DATASET EXTRACT Block Start

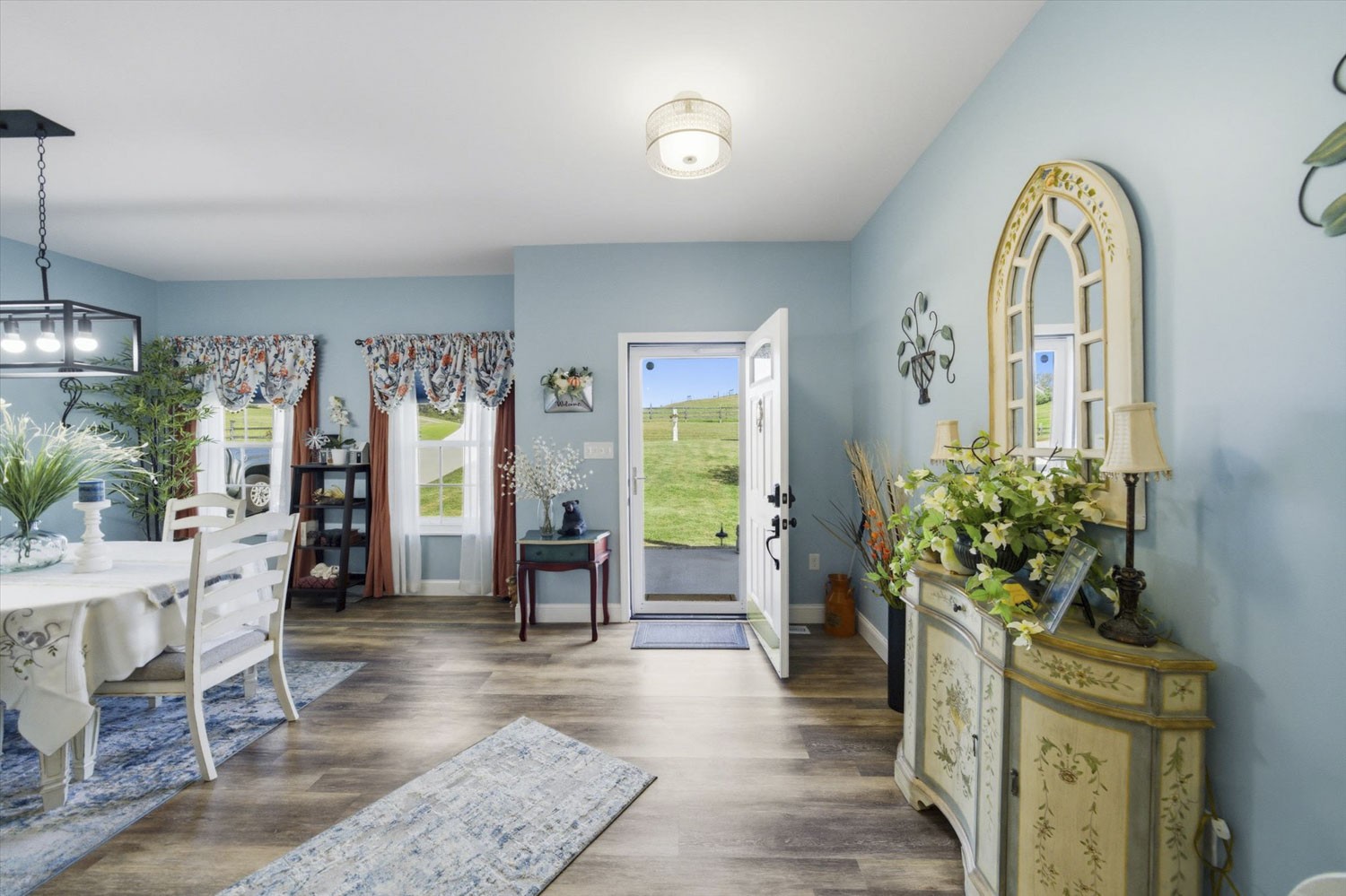 670 Jones Franklin Rd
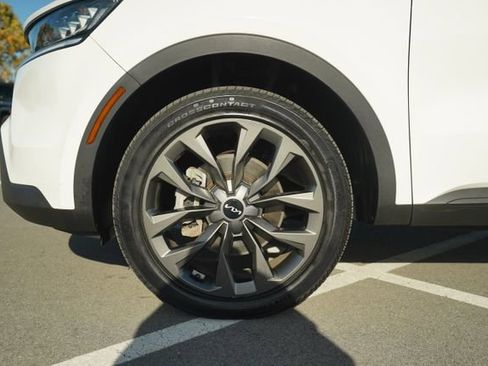 Used 2023 Kia Sorento X-Line EX image 11
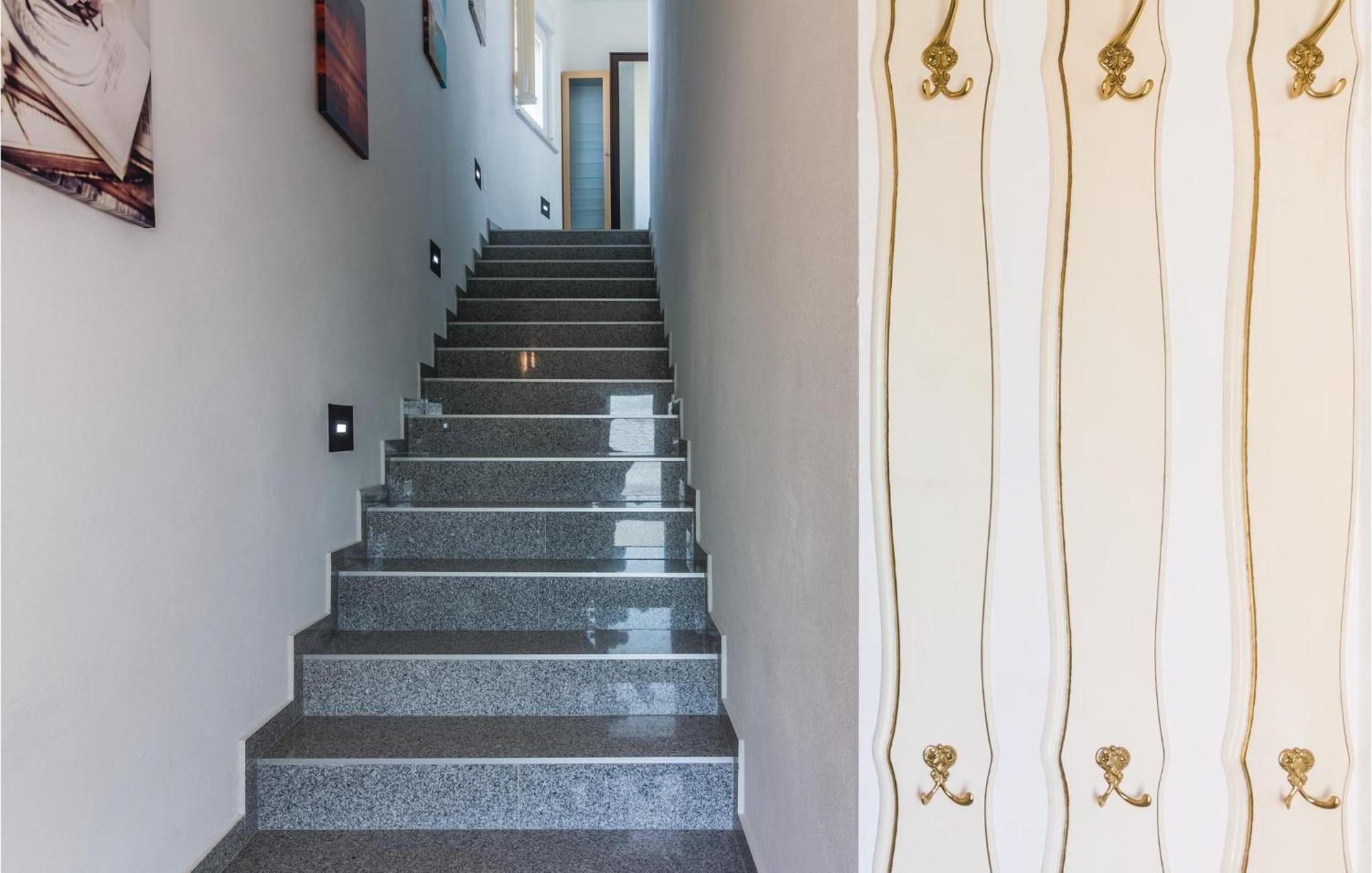 Stunning Apartment In Fazana With House Sea View Ngoại thất bức ảnh
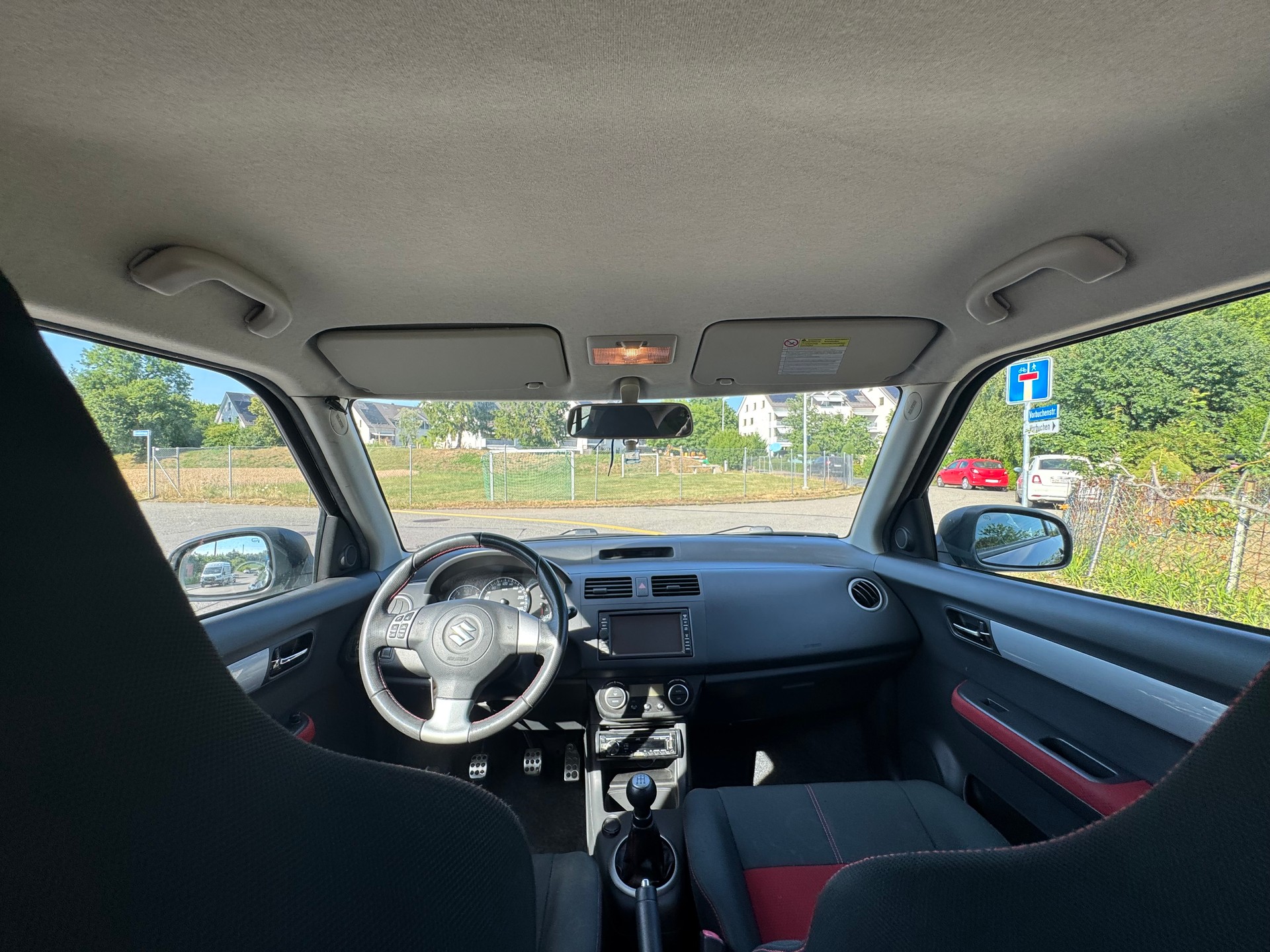 SUZUKI Swift 1.6i 16V Sport-image-9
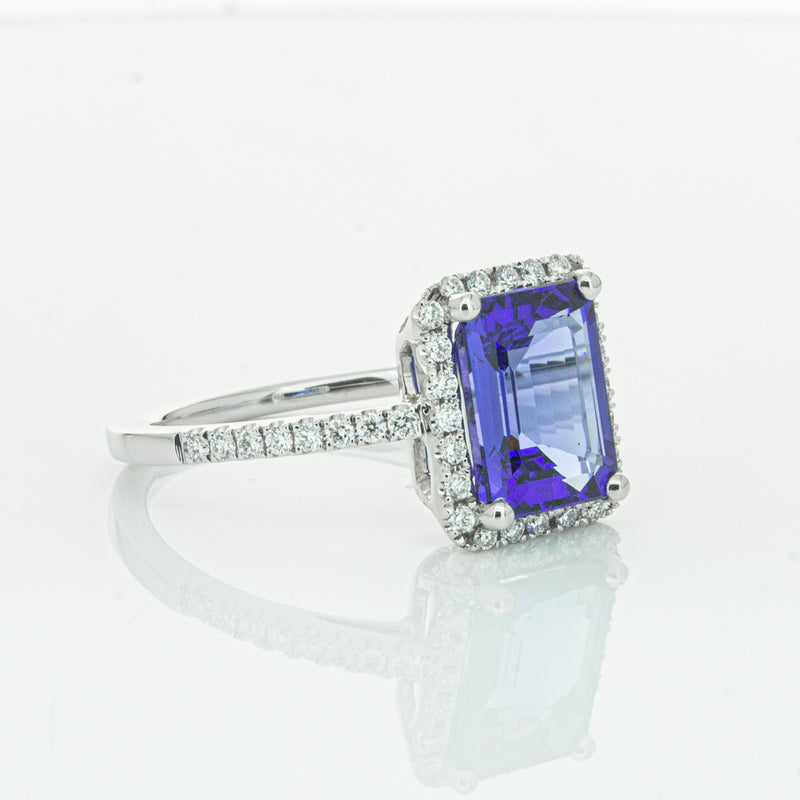 18ct White Gold Tanzanite & Diamond Ring-Ring-Walker & Hall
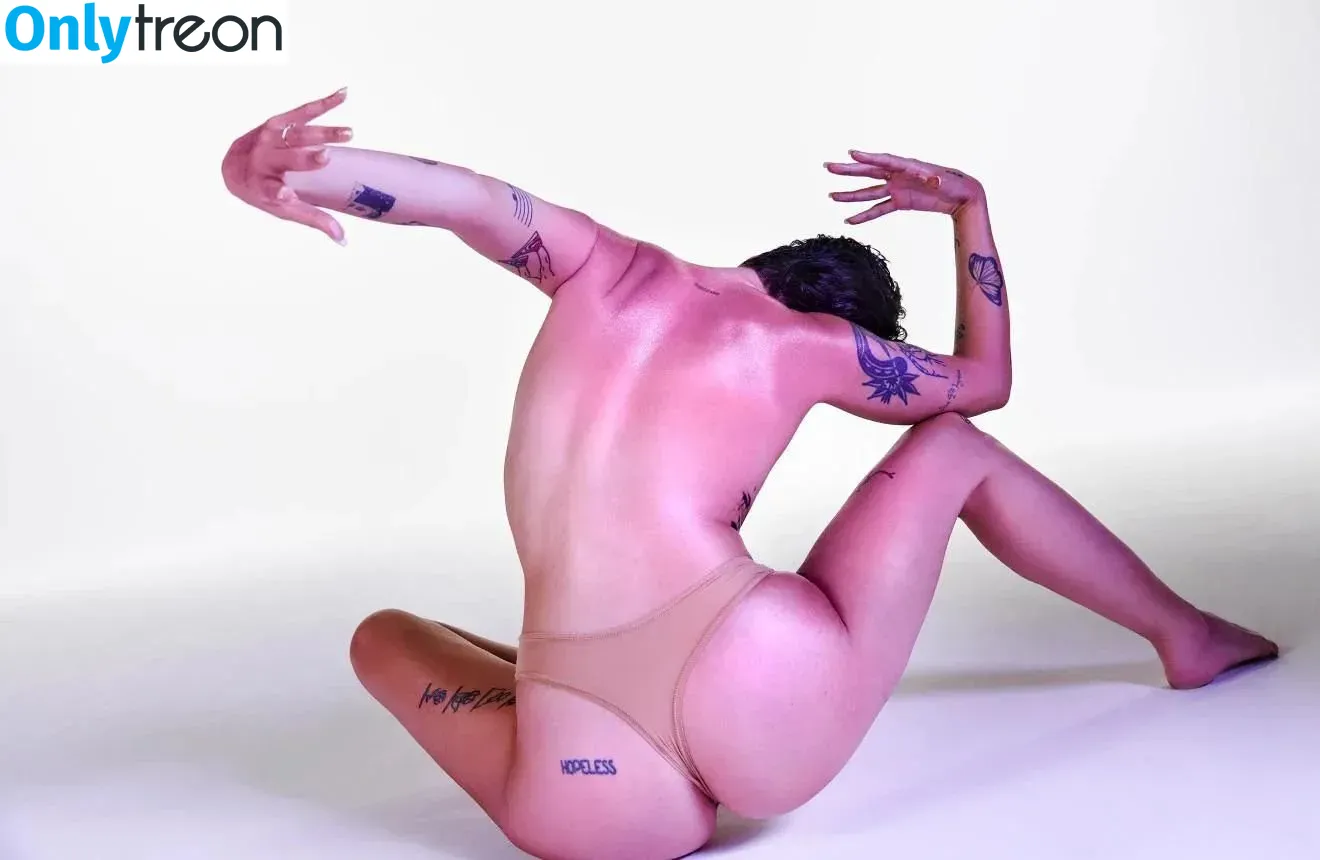 Halsey nude photo #0104 (iamhalsey / yammahaaa)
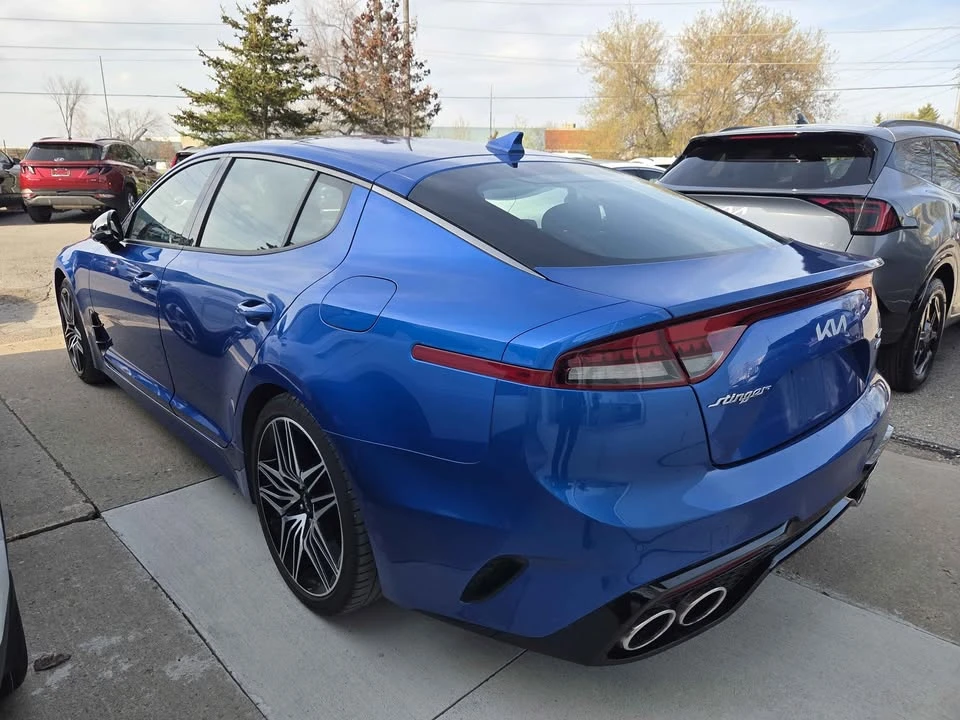 2022 Kia Stinger - Image 4 of 9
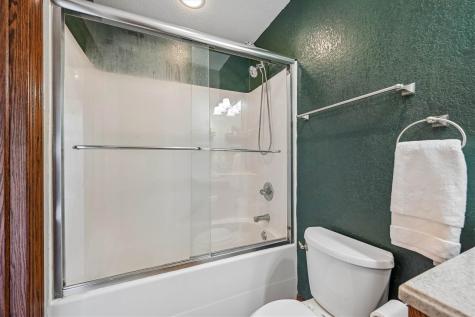 1315 1st Avenue Center Point IA 52213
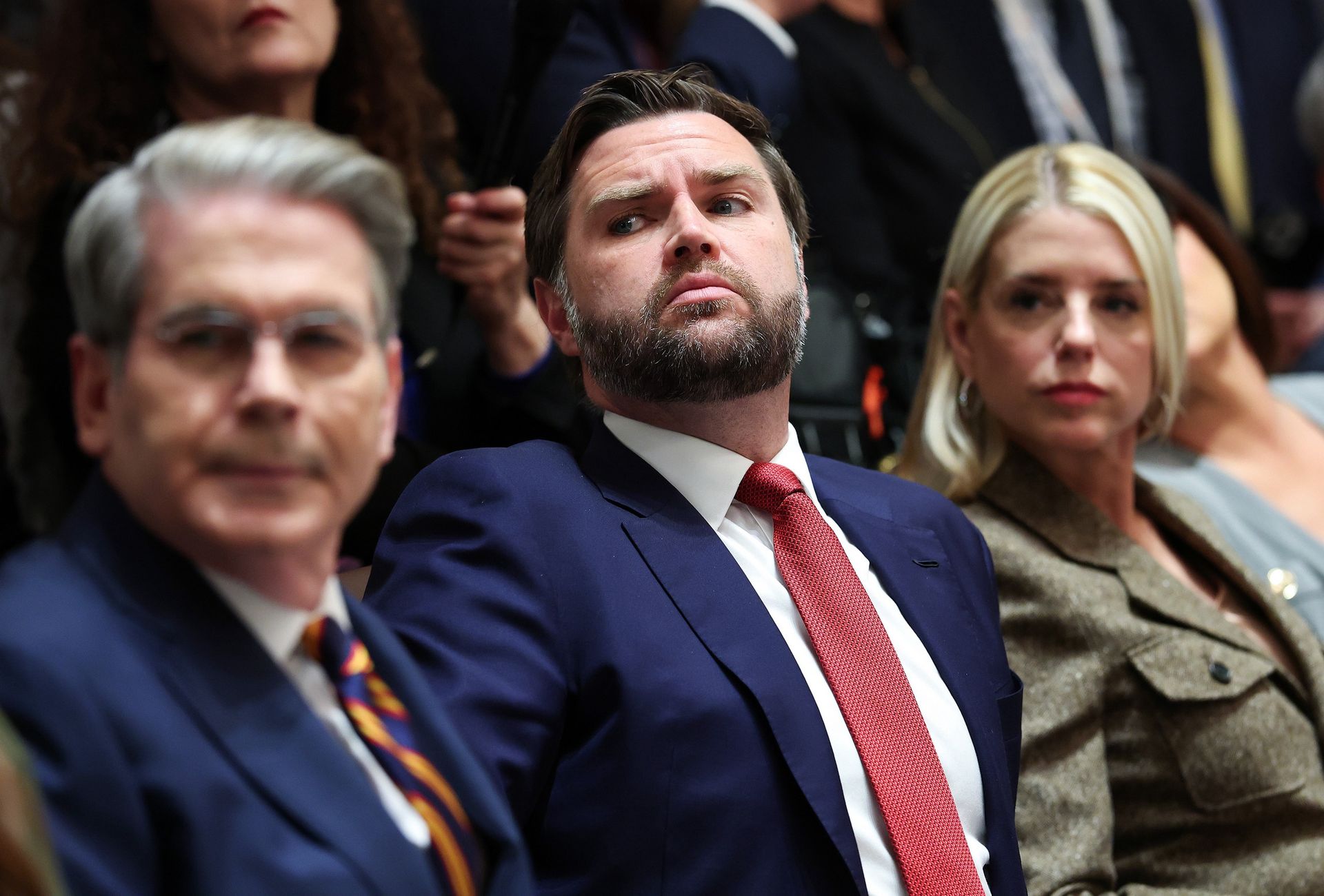 Trump "ma więcej kart". Wiceprezydent USA apeluje do Chin o rozsądek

DATASET EXTRACT Block End

Exactly as they appear, please return only the lines from the first line of the records through the line containing "Halsey nude photo", both included, leaving out all pictures.

 670 Jones Franklin Rd
 Used 2023 Kia Sorento X-Line EX image 11
 Stunning Apartment In Fazana With House Sea View Ngoại thất bức ảnh
 SUZUKI Swift 1.6i 16V Sport-image-9
 18ct White Gold Tanzanite & Diamond Ring-Ring-Walker & Hall
 Halsey nude photo #0104 (iamhalsey / yammahaaa)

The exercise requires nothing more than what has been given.